# Amazon reviews



## Jack of all trades (May 13, 2018)

I just posted this in a writing discussion and thought I should also post it here.



> I just read yesterday that Amazon has been deleting reviews that have been determined to be by family, friends or have been bought.
> 
> Now there's some controversy about how Amazon is making the determination.
> 
> ...


----------



## andrewclunn (May 13, 2018)

Basically, unless you buy it through amazon, no review for you on amazon.


----------



## Jack of all trades (May 14, 2018)

andrewclunn said:


> Basically, unless you buy it through amazon, no review for you on amazon.



There's a bit more to it.

Even for verified (bought through Amazon) purchases, the review will be deleted if : 

The reviewer is a facebook friend of the author.

The author gave anything to the reviewer at any time in the past that Amazon finds out about. (Amazon considers such payment for a good review.)

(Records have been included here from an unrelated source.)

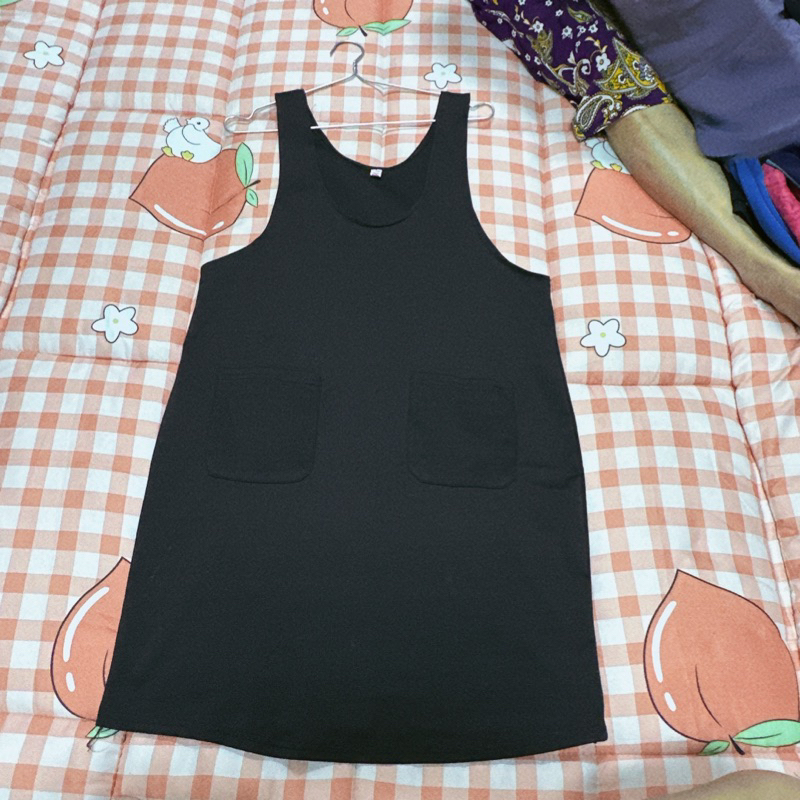 Đầm yếm màu đen xinh xắn, còn mới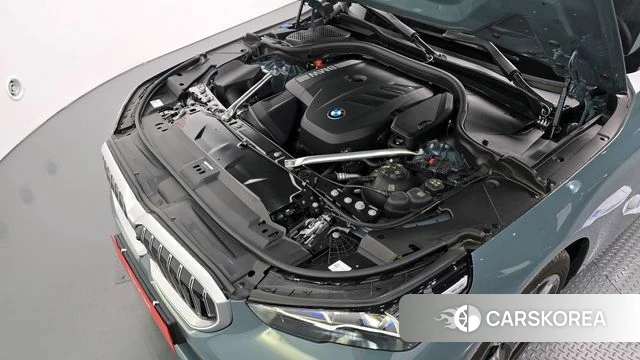 BMW 5 Series (G60) id 4493505 из Кореи 16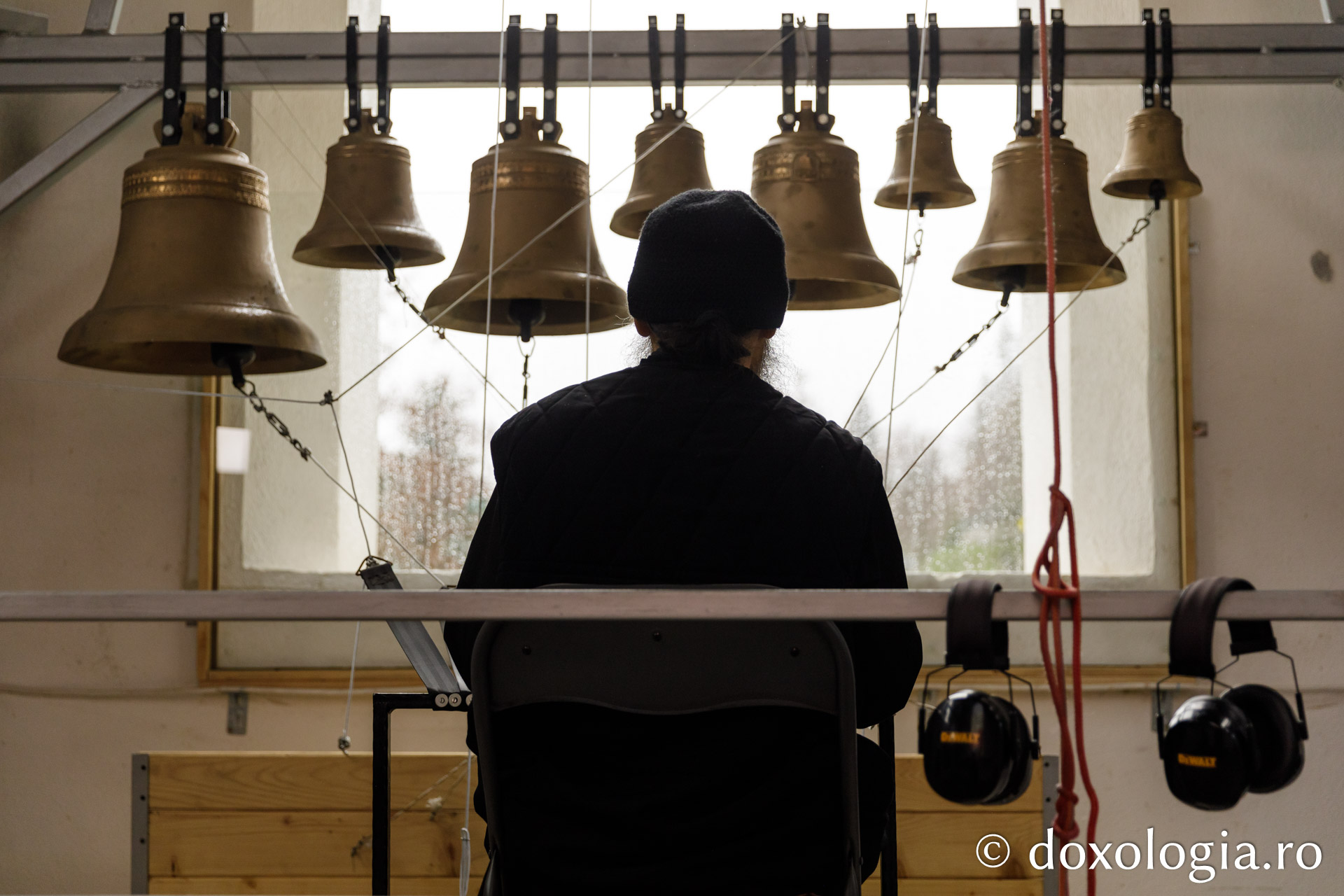 Lavrentie, monahul care cântă fără partituri la „pianul” din clopotnița Mănăstirii Sihla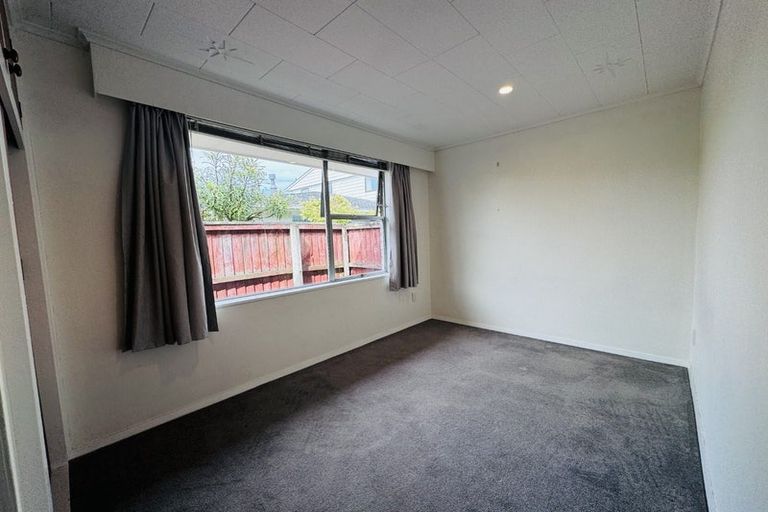 Photo of property in 2/290 Avonhead Road, Avonhead, Christchurch, 8042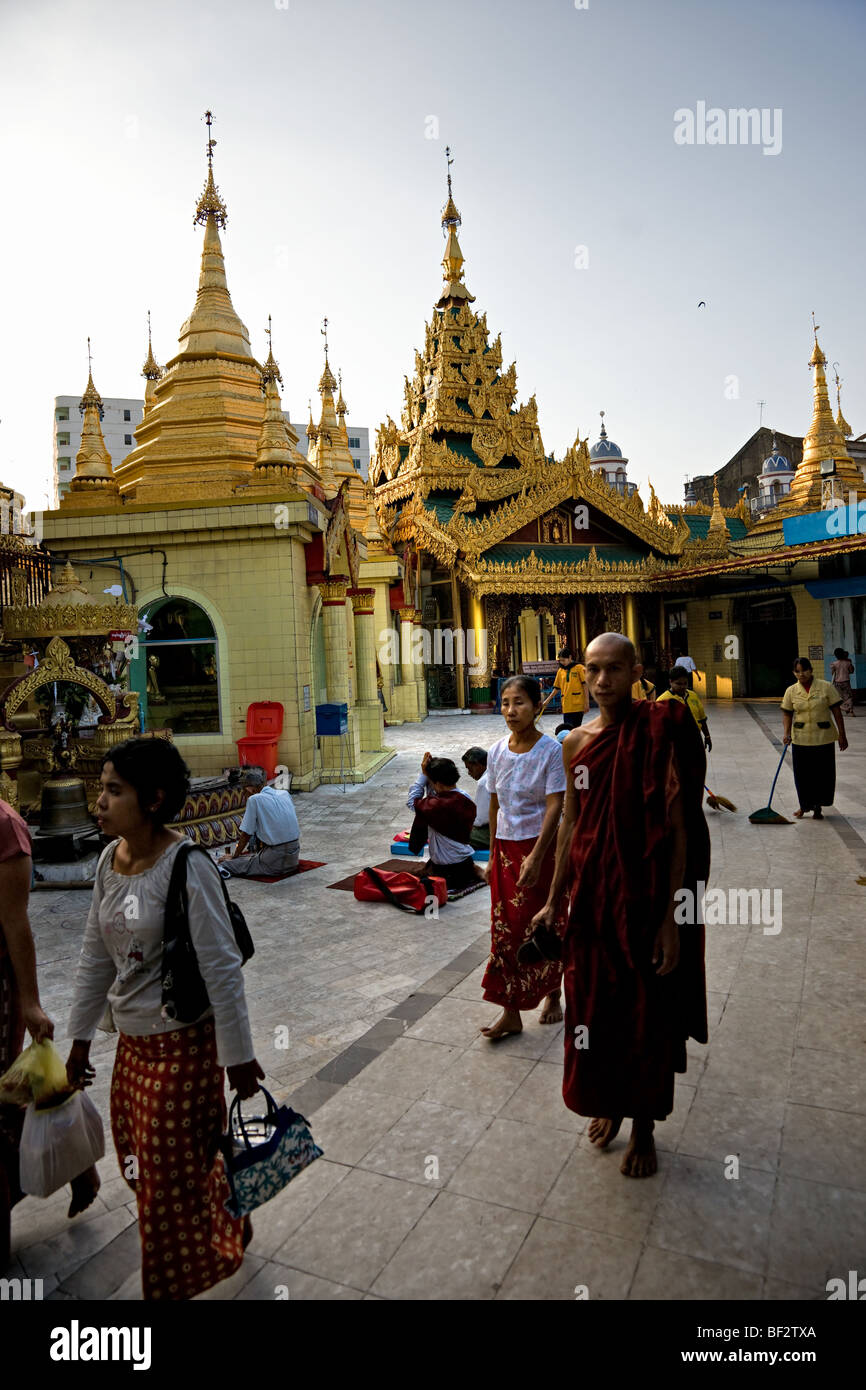 Monk et personnes à Sule Paya, Yangoon, Myanmar. Banque D'Images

Rumor has it that Amazon is even checking Twitter to see if the author and reviewer are friends. 


Steps suggested to bypass the Amazon deletions : 

Have a public Facebook page for your books and don't friend any fans on your personal page.

Don't giveaway Amazon gift cards to fans.

You can give a copy of the book to be reviewed, but the reviewer should be upfront about it and say that the book was given in exchange for an honest review. (Currently those are not being deleted.)

Google "Amazon book reviews deleted" to learn more.


----------



## Bayview (May 14, 2018)

There's a lot of frenzy about this - I honestly don't know if we have the full story, yet.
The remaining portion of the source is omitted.